*Assignment*: After locating the line that holds "Pierre roulée Jaspe Rouge", output it and all following lines word for word, stopping only at the end of the data.

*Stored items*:

= Beginning of Section =

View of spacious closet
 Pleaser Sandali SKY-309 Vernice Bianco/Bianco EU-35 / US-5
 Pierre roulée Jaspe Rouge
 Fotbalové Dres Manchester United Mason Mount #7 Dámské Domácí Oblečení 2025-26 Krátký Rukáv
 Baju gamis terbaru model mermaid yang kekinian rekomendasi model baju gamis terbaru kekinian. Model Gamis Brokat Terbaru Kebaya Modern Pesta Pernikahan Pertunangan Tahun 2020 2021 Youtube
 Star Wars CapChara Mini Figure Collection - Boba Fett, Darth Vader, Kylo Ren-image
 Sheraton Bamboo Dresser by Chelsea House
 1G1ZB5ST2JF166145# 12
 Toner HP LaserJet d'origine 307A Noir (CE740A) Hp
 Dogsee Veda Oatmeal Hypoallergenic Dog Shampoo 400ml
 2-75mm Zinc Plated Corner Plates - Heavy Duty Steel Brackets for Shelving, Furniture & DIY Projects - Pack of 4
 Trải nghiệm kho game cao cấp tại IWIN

= End of Section =

*Answer to this exercise*:
 Pierre roulée Jaspe Rouge
 Fotbalové Dres Manchester United Mason Mount #7 Dámské Domácí Oblečení 2025-26 Krátký Rukáv
 Baju gamis terbaru model mermaid yang kekinian rekomendasi model baju gamis terbaru kekinian. Model Gamis Brokat Terbaru Kebaya Modern Pesta Pernikahan Pertunangan Tahun 2020 2021 Youtube
 Star Wars CapChara Mini Figure Collection - Boba Fett, Darth Vader, Kylo Ren-image
 Sheraton Bamboo Dresser by Chelsea House
 1G1ZB5ST2JF166145# 12
 Toner HP LaserJet d'origine 307A Noir (CE740A) Hp
 Dogsee Veda Oatmeal Hypoallergenic Dog Shampoo 400ml
 2-75mm Zinc Plated Corner Plates - Heavy Duty Steel Brackets for Shelving, Furniture & DIY Projects - Pack of 4
 Trải nghiệm kho game cao cấp tại IWIN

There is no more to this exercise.